To gain a clearer understanding, let’s examine the following example.
Consider a HA PostgreSQL cluster managed by Patroni with a backend ETCD key-value store used for consensus and leader election. The cluster consists of three nodes:
- Node A – Current Primary
- Node B – Standby1
- Node C – Standby2
All nodes are registered with a shared ETCD cluster used by Patroni for storing the leader key and coordinating failover decisions.
Let’s say a network partition causes Node A to lose connectivity to Nodes B and C, as well as to the ETCD cluster. The situation now looks like this:
- Node A: Isolated, no access to ETCD.
- Nodes B and C: Can communicate with each other and with the ETCD cluster.
This is how the cluster elects a new primary while avoiding a split-brain scenario.
- Nodes B and C, still having quorum (2 out of 3), detect that Node A’s leader key in ETCD has expired.
- They perform a Raft-based consensus via ETCD and decide to promote Node B to the new primary.
- Node B updates the leader key in ETCD to reflect its new role.
- Node A, being isolated and without ETCD access, cannot verify the current cluster state, and most importantly, cannot write to or renew the leader key.
- Patroni on Node A, recognizing the loss of quorum and ETCD connectivity, enters a pause or demotion state, preventing accidental promotion.
- Only Node B holds the leader key in ETCD and acts as the valid primary.
- Because Node B wins the quorum and successfully writes its new status to the ETCD leader key, Node C remains a standby node and continues replicating from the newly elected primary, Node B.
- Node A has been removed from the cluster or identified as faulty.

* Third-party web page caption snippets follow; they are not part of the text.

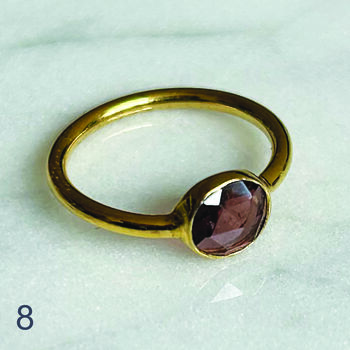Tara One Stone Ring, 8 of 11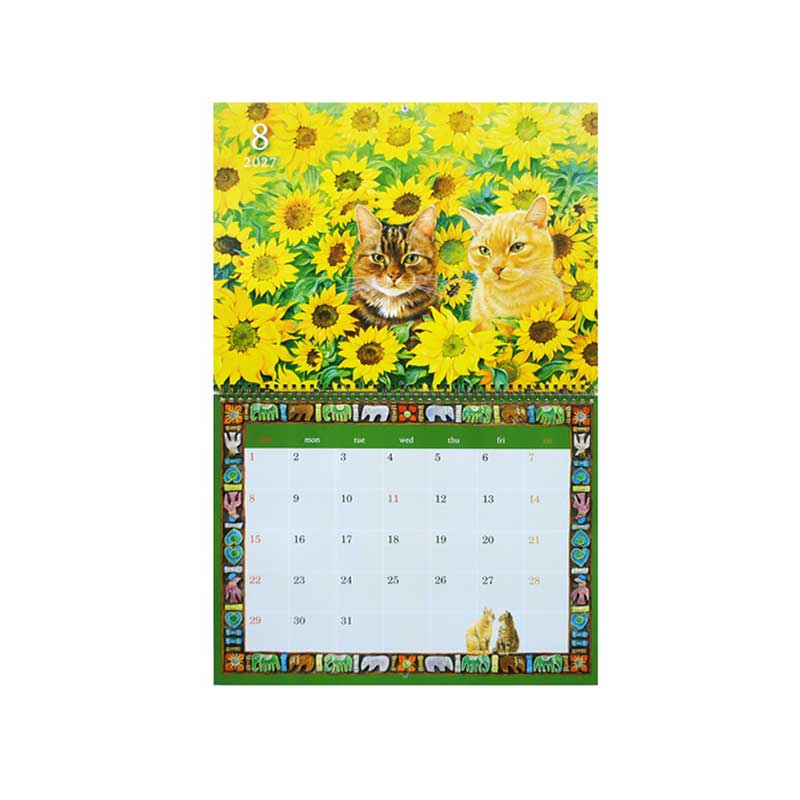 2027年カレンダー アイボリーキャッツ IVORY CATS 壁掛けカレンダー　ディアカーズの画像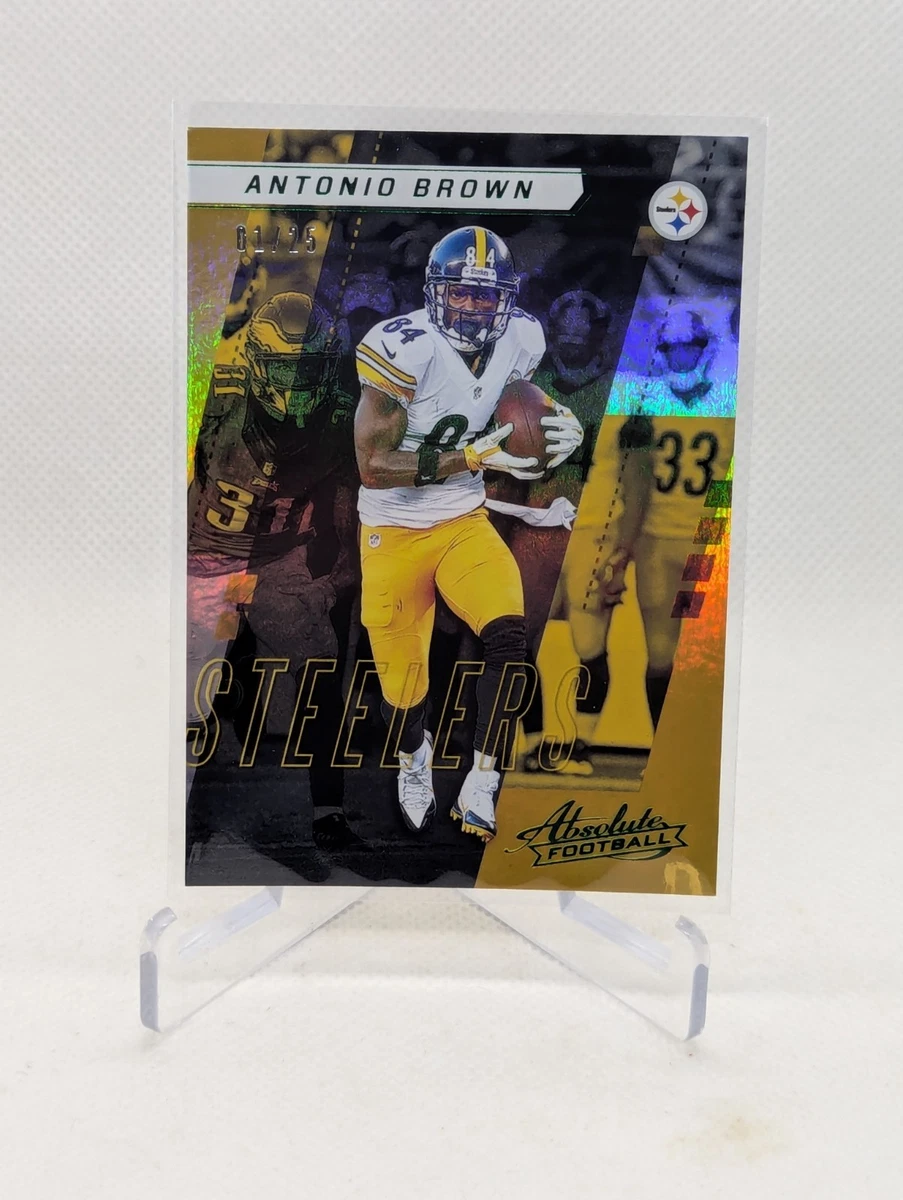 Football Antonio Brown Serial Numbered Sports Trading Card Singles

Hence, we have saved our cluster from a split-brain scenario successfully
Avoid Two-Node Architectures When Possible
Two-node setups cannot form a quorum and often rely on manual or semi-automatic failover logic, which is more prone to errors. Adding a lightweight witness node (which doesn’t need to store data) can help form a quorum without much overhead. Can reduce the risk of a split brain
Use a Cluster with an Odd Number of Nodes
Clusters with three or more nodes (ideally an odd number) use quorum-based decision-making, where a majority (n/2 + 1) of nodes must agree to promote a new primary.
- n is the total number of nodes in the cluster.
- n / 2 gives you half of the nodes.
- + 1 ensures you have a majority, not just half, meaning more than half the nodes must agree.
This avoids conflicting decisions and prevents multiple primaries from being elected
Use a Stable and Resilient Network for Cluster Communication
To avoid a split-brain scenario, it is also very important to maintain a stable and resilient network between all cluster nodes. Reliable network connectivity ensures that nodes can consistently communicate heartbeat signals and replication data without interruption.
Conclusion
Split-brain is a serious concern for the consistency and reliability of PostgreSQL HA clusters. It results from poor coordination between nodes and can lead to irreversible data loss. While PostgreSQL doesn’t inherently protect against split-brain scenarios, HA orchestration tools and quorum-based architectures can mitigate the risk effectively.